Data excerpts:
######

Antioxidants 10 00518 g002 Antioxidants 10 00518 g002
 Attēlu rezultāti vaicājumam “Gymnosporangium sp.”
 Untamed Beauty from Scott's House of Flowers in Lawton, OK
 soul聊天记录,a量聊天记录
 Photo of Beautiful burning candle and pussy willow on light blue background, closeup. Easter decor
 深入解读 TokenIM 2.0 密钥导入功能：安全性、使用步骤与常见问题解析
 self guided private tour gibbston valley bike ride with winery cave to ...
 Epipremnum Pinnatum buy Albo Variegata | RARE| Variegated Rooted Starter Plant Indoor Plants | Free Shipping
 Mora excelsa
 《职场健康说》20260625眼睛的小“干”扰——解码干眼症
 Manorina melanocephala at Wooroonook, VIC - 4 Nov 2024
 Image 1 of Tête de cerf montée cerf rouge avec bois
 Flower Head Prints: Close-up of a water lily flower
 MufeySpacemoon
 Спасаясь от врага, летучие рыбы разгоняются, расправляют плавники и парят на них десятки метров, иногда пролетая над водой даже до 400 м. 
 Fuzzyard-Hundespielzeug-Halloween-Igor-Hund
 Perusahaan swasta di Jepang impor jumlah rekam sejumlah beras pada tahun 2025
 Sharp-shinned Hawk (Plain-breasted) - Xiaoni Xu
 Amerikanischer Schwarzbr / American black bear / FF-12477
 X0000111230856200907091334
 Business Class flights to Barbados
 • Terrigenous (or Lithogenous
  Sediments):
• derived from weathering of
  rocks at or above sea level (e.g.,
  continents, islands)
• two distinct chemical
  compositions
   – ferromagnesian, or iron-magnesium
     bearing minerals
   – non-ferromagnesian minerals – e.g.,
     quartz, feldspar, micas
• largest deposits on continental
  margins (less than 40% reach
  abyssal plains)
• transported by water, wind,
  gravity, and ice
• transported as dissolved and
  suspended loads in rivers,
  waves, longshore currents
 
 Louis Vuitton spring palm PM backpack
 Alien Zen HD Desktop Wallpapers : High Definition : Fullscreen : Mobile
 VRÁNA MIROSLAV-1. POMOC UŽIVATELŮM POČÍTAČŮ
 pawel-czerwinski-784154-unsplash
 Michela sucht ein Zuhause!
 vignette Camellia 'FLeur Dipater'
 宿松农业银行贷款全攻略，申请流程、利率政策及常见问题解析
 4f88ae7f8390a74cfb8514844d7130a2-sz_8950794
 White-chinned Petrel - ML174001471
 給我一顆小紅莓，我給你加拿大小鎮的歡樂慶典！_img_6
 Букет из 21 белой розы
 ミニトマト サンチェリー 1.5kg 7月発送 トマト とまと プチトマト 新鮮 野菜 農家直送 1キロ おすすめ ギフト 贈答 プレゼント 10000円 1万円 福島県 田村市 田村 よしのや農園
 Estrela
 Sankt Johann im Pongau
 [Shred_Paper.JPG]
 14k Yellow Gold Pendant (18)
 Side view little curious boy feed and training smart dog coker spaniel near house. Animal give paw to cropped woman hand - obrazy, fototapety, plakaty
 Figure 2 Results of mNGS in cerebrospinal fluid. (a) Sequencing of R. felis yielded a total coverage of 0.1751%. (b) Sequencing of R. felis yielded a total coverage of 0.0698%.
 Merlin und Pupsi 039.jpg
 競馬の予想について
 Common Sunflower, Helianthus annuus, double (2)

######

**Task**
Your answer should be the lines from the one containing "from weathering of" to the end of the entries above, restated exactly and alone.

**Your solution**
• derived from weathering of
  rocks at or above sea level (e.g.,
  continents, islands)
• two distinct chemical
  compositions
   – ferromagnesian, or iron-magnesium
     bearing minerals
   – non-ferromagnesian minerals – e.g.,
     quartz, feldspar, micas
• largest deposits on continental
  margins (less than 40% reach
  abyssal plains)
• transported by water, wind,
  gravity, and ice
• transported as dissolved and
  suspended loads in rivers,
  waves, longshore currents
 
 Louis Vuitton spring palm PM backpack
 Alien Zen HD Desktop Wallpapers : High Definition : Fullscreen : Mobile
 VRÁNA MIROSLAV-1. POMOC UŽIVATELŮM POČÍTAČŮ
 pawel-czerwinski-784154-unsplash
 Michela sucht ein Zuhause!
 vignette Camellia 'FLeur Dipater'
 宿松农业银行贷款全攻略，申请流程、利率政策及常见问题解析
 4f88ae7f8390a74cfb8514844d7130a2-sz_8950794
 White-chinned Petrel - ML174001471
 給我一顆小紅莓，我給你加拿大小鎮的歡樂慶典！_img_6
 Букет из 21 белой розы
 ミニトマト サンチェリー 1.5kg 7月発送 トマト とまと プチトマト 新鮮 野菜 農家直送 1キロ おすすめ ギフト 贈答 プレゼント 10000円 1万円 福島県 田村市 田村 よしのや農園
 Estrela
 Sankt Johann im Pongau
 [Shred_Paper.JPG]
 14k Yellow Gold Pendant (18)
 Side view little curious boy feed and training smart dog coker spaniel near house. Animal give paw to cropped woman hand - obrazy, fototapety, plakaty
 Figure 2 Results of mNGS in cerebrospinal fluid. (a) Sequencing of R. felis yielded a total coverage of 0.1751%. (b) Sequencing of R. felis yielded a total coverage of 0.0698%.
 Merlin und Pupsi 039.jpg
 競馬の予想について
 Common Sunflower, Helianthus annuus, double (2)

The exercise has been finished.